Following Chamudot, reader Nan Klein also can only criticize a straw man. She says the “true goal of BDS is the total destruction of Israel.” I never say otherwise.
This makes it all the more important to help end BDS, for which my letter offered a suggestion.
Klein says at the end of her letter that I was “blaming Israel for the existence of BDS.”
Again, a falsehood and strawman.
I didn’t blame the perfectly legitimate state of Israel for BDS.
An effective way to help end western anti-Israelism, including BDS, would not be an end to the perfectly legitimate State of Israel, but an end to the occupation and settlements.
This would save Israel.
JAMES ADLER Cambridge, Massachusetts
Same old thing
Having been a staunch admirer and coworker of former Labour Friends of Israel director Valerie Cocks, I can vouch for David Newman’s perception of what was, and is, an accurate portrayal (“The UK Labour Party is betraying its values,” Borderline Views, March 22).

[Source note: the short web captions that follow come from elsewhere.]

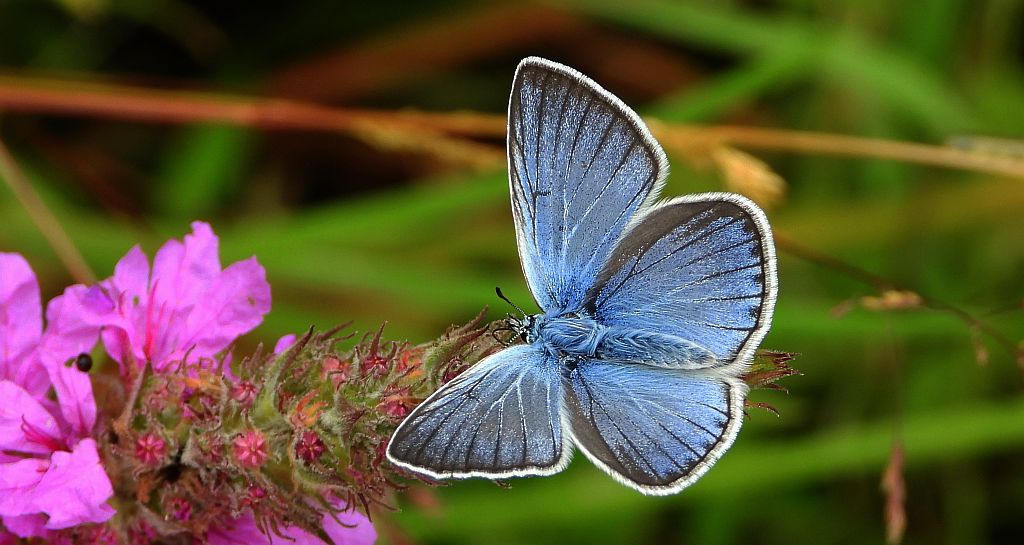 Modraszek amandus (Polyommatus amandus)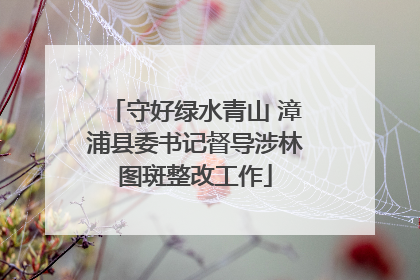 守好绿水青山 漳浦县委书记督导涉林图斑整改工作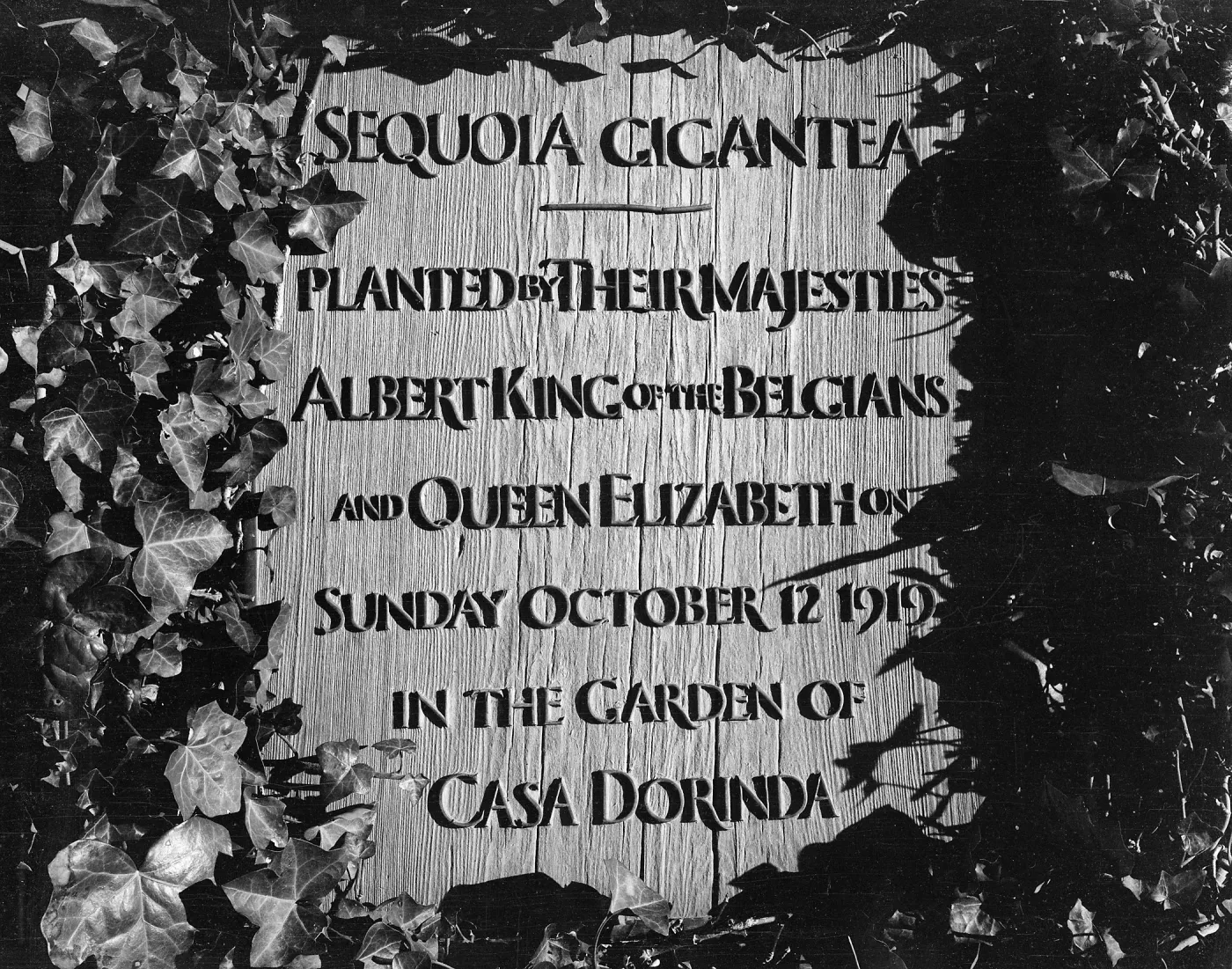 King Albert - Queen Eliabeth - Sequoia Gigantea plaque at Casa Dorinda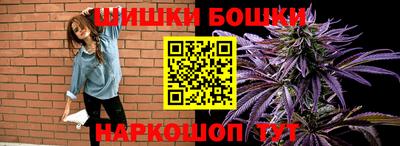 МДПВ Обь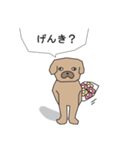 シンプルで使いやすい犬（個別スタンプ：4）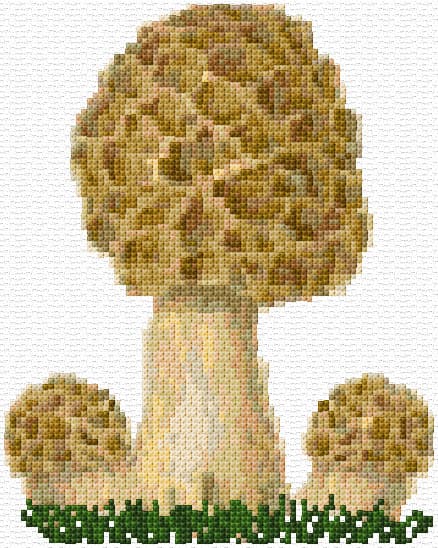 Morel free cross-stitch pattern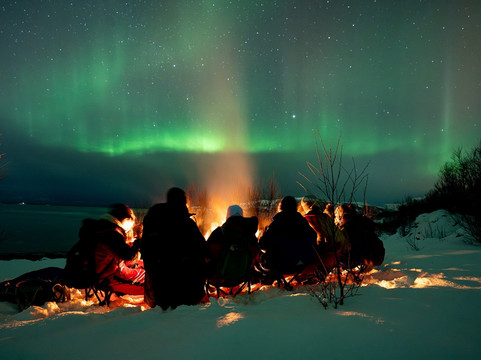 Blue Puffin - Tromso Experiences-特罗姆瑟必去景点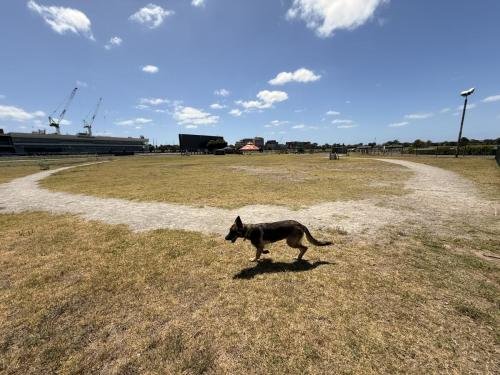 Mia is in the fenced off leash area at Caulfield Racecourse Reserve 2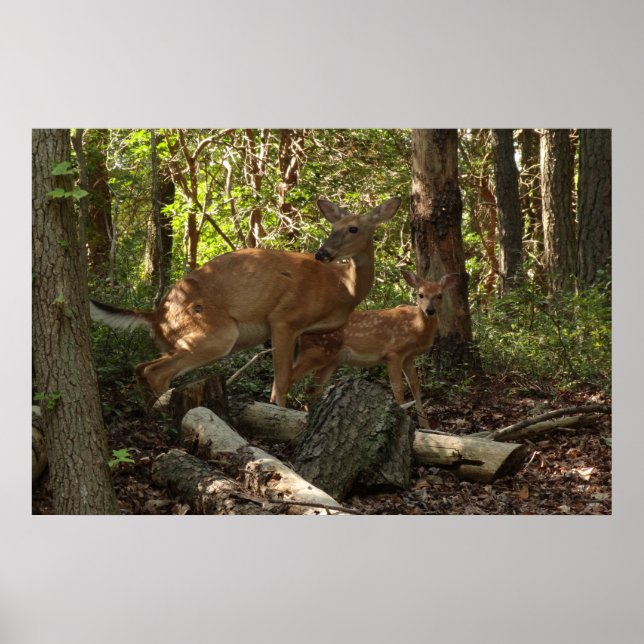 Mor och Baby Hjort i Shenandoah nationalpark Poster (Framsidan)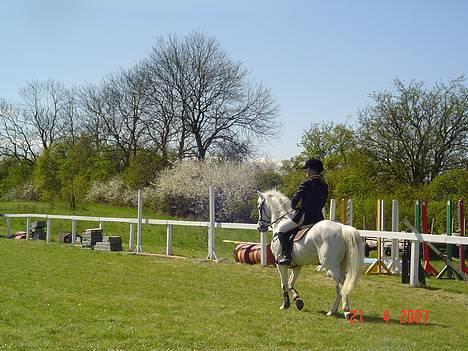 Anden særlig race IL TEMPO GIGANTE solgt billede 6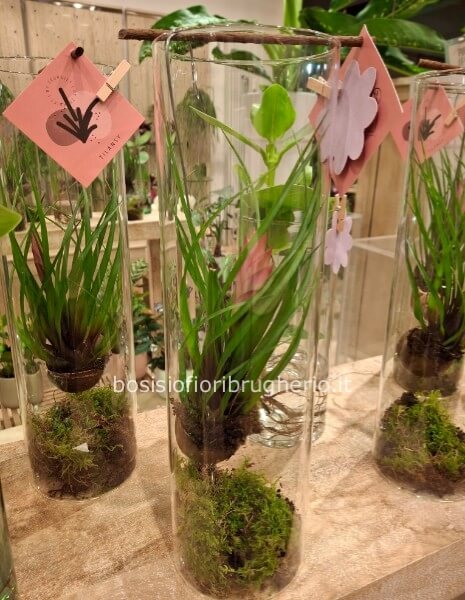 tillandsia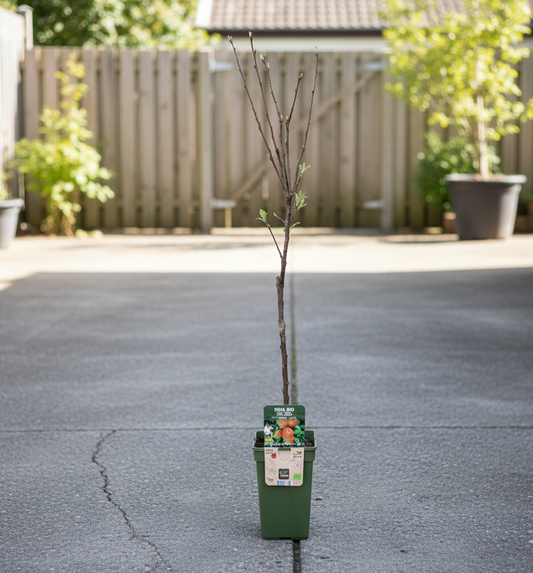 Fruitboom - Elstar Appel - 60 cm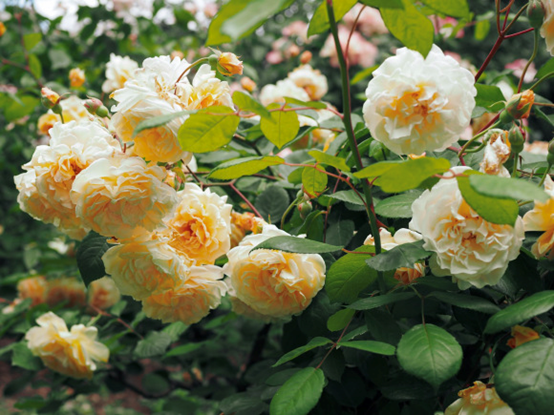 image 月季花型分类图(玫瑰)标准绽放形式图解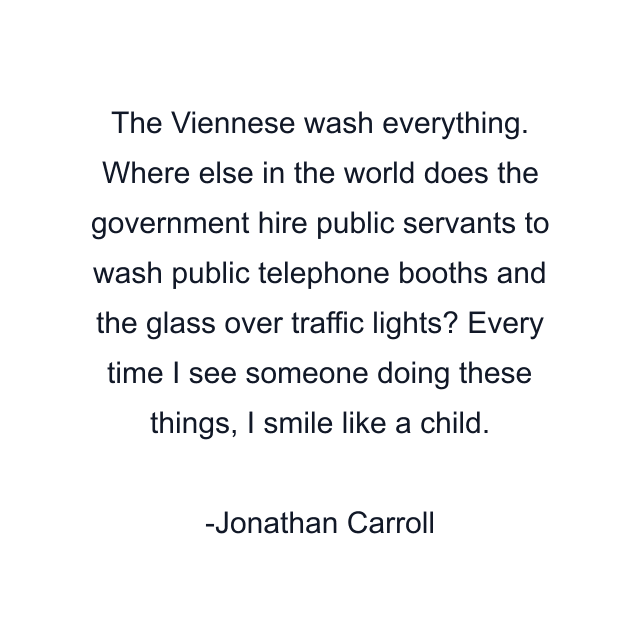 The Viennese wash everything. Where else in the world does the government hire public servants to wash public telephone booths and the glass over traffic lights? Every time I see someone doing these things, I smile like a child.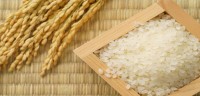 Japan Rice News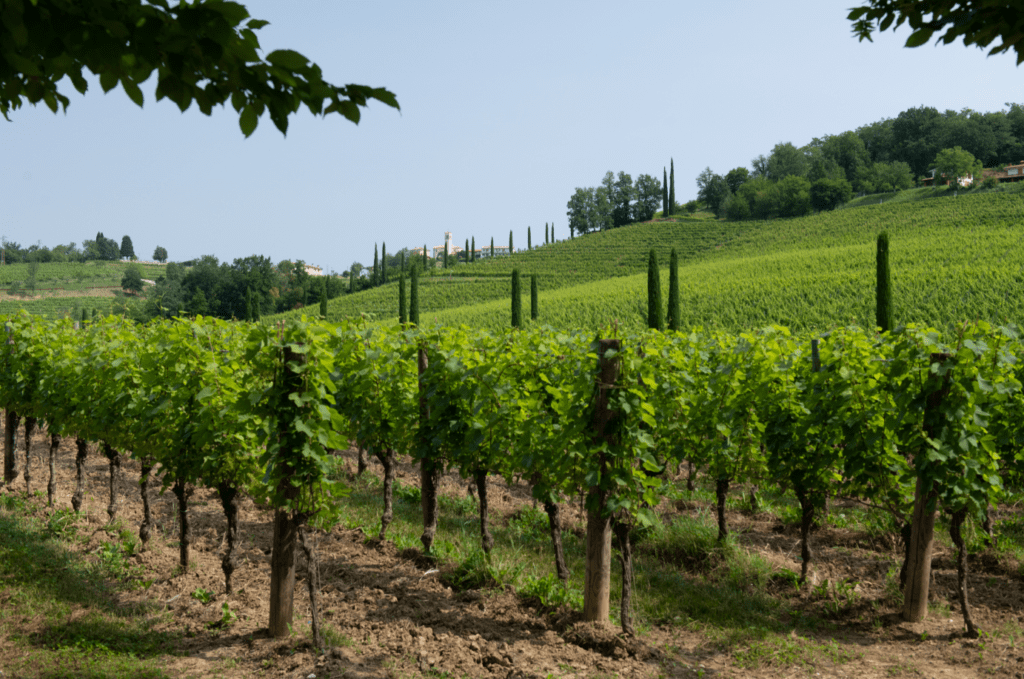 Collio vigneti
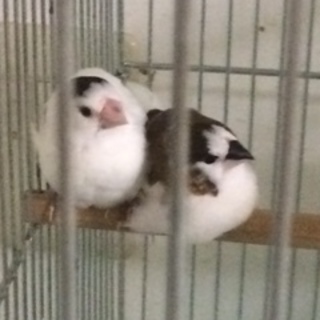 十姉妹オス2羽の里親募集　メスは決まりました。　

Over 20 years have elapsed since my departure for Israel, yet sadly, inherent anti-Semitism and hostility toward Israel continue unabated within the mindset of Labour Party leader Jeremy Corbyn and his cohorts in the party. Some things never change.
Gilda the Great
“A word from Mrs. Malaprop” (Arts & Entertainment, March 22) neglects to mention the queen of malapropisms, Emily Litella, played by the late Gilda Radner on Saturday Night Live.
This hard-of-hearing character complains about “the deaf penalty,” “saving Soviet jewelry,” “endangered feces,” “violins on television,” “presidential erections,” “conserving natural racehorses,” “firing the handicapped” rather than hiring them, and “making Puerto Rico a steak” rather than a state.
Trump at AIPAC
It appears that Steve Rabinowitz was a little hasty with “I have Trump’s AIPAC speech text!” (Comment & Features, March 21). Your headline two days later was: “Trump receives warm welcome at AIPAC confab.”
You reported that Mr. Trump was greeted with standing ovations, and that few audience members were seen leaving in protest.
It might be prudent for you to tone down the criticism of Mr.
Trump, beginning with the daily cartoon.
Regarding your recent coverage of the AIPAC conference in Washington, the appearances of both Democratic and Republican contenders for the presidential nomination were rather pathetic. Close to 20,000 Pavlovian sheep salivated and cheered whenever the correct bell was rung. They applauded all of the empty promises as if they had never been heard – or broken – before.
I disagree with almost everything that Democratic candidate Bernie Sanders says or stands for, but he seems to be the only honest one in the bunch.
The March 9 article “Palestinians try to turn US courts on Adelson, Abrams and anyone linked to settlements,” by Yonah Jeremy Bob, has been clarified as follows to reflect the nuances of the views on UN Resolution 242 by various US administrations: Under some administrations until the Reagan administration, US policy was that the settlements were illegal. Since the Reagan administration, which explicitly said it did not believe the settlements were illegal, the US has instead characterized the settlements as illegitimate. US policy has also been to oppose any push to declare them a war crime, preferring a resolution of the settlement dispute as part of “a global resolution of the Israeli-Palestinian conflict pursuant to the two-state solution under its interpretation of UN Security Council Resolution 242 based on the Quartet Road Map and a string of later UN resolutions.”